Concorso Venezia 73

Brimstone di Martin Koolhoven

focus top image

Il cinema di genere, ok, va bene. Il western - anzi no, meglio, “il ritorno del western” - pure. Va bene, anzi benissimo, anche il bisogno sempre nuovo, sempre vitale, di classicismo, di storie da narrare, di cinema dal grande respiro. Tutto ok. Tutto perfetto e bello da ritrovare in un festival. Almeno fino a quando ti imbatti in un film come Brimstone (che il suo regista, il non troppo noto olandese Martin Koolhoven, firma addirittura con il genitivo sassone: “Martin Koolhoven’s Brimstone”, come recita il titolone in apertura).

Un film che se non fosse montato a ritroso, più epilogo, con riferimenti ai libri più noti della Bibbia (Apocalisse, Genesi, Esodo); se non volesse a tutti i costi rifare-citare-omaggiare-riprendere-reinventare La morte corre sul fiume, con tanto di predicatore folle e demoniaco, donne in fuga con fucili imbracciati in posa classica (ma manca l’allucinata canzoncina LeaningLeaning! On the everlasting arms!, sostituita da un canto di Chiesa...); se non si prendesse tremendamente sul serio mescolando varie e confuse idee sul fondamentalismo cristiano, prendendo un po’ dal cattolicesimo e un po’ dal calvinismo, farneticando sugli immigrati olandesi in quanto popolo eletto nel west di metà XIX secolo, affastellando punizioni corporali, villain che vanno a fuoco guardando negli occhi le loro prede innocenti, emissari in terra del Dio incazzato del Vecchio testamento, o al massimo sacrilega imitazione del Max Cady di Cape Fear; se non fosse, ancora, che lo scorso anno è uscito The Witch (e già questo di per sé potrebbe bastare) a parlarci di religiosità americana, pulsione al male, corruzione e colpa; se non fosse, insomma, che per tutte queste ragioni Brimstone è decisamente un pastrocchio narrativo, religioso e ideologico, un filmone con due attori di peso nemmeno così pessimi (Dakota Fanning Guy Pierce) che proprio in quanto pastrocchio impegnato viene accettato in concorso (salvo essere prontamente demolito), non sarebbe nemmeno un western così fastidioso o dannoso. Sarebbe un semplice western di fronte a cui rimanere indifferenti.

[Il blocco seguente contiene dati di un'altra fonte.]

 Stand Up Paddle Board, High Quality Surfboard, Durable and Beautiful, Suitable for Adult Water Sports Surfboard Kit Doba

Alcuni momenti della guerra personale fra un pastore folle che dice di agire nel nome di Dio e la figlia vittima della sua follia – figlia che prima assiste alle violenze sulla madre, poi viene a sua volta violentata, poi fugge e diventata prostituta, poi finisce per essere ritrovata dal padre, salvo fuggire ancora, rifarsi una vita, avere una bambina, ma dover poi fuggire ancora, pareggiando i conti con il suo persecutore e Dio ma dimenticandosi del destino beffardo e della giustizia umana, che sostituisce nella sua assurdità quella religiosa – alcuni momenti, dicevamo, di questo folle e gigantesco casino non sarebbero nemmeno da buttare (ad esempio, tutta la parte girata nel bordello, o in generale una messinscena tutto sommato controllata e senza troppi vezzi stilistici). 

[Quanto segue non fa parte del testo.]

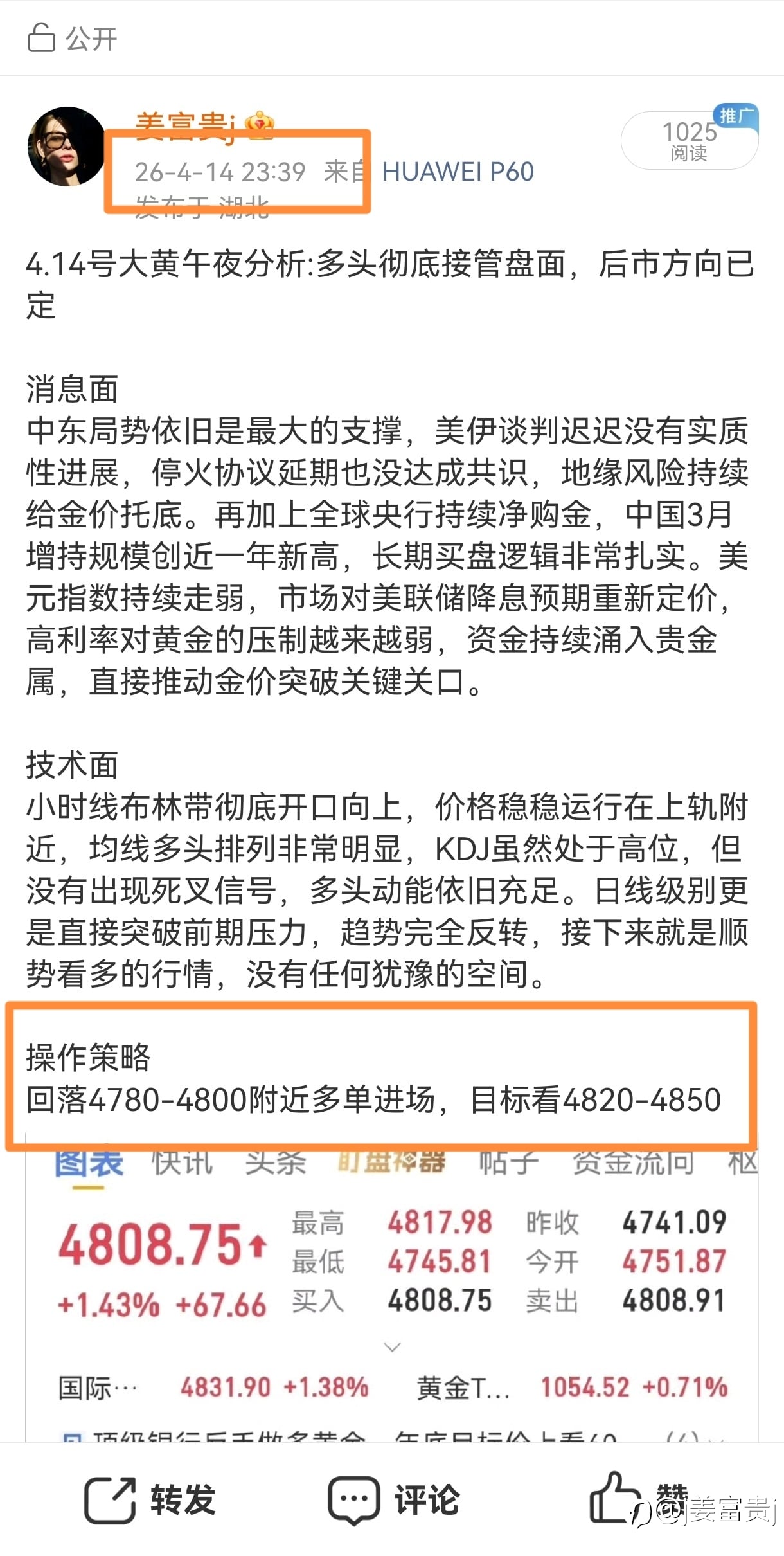 跟上的直接盆满钵满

Il problema è l’insieme, la struttura avanti-indietro-e-poi-ancora-avanti-per-la-chiosa, l’incredibile mezz’ora finale che punisce il punibile e rilancia la trama come un contagio malevole e mortale. Di per sé, Brimstone poteva anche essere un western solido e magari non troppo di ritorno. Un western con una protagonista forte e coraggiosa messa di fronte a un sadico figlio di puttana come la tradizione di Hollywood ne ha creati a pacchi.

Il problema è quel genitivo sassone, “Martin Koolhoven’s..:”, l’autorialità che viene addirittura prima del titolo, quando nel western, se proprio l’autore deve esistere, al massimo deve nascondersi nei dettagli.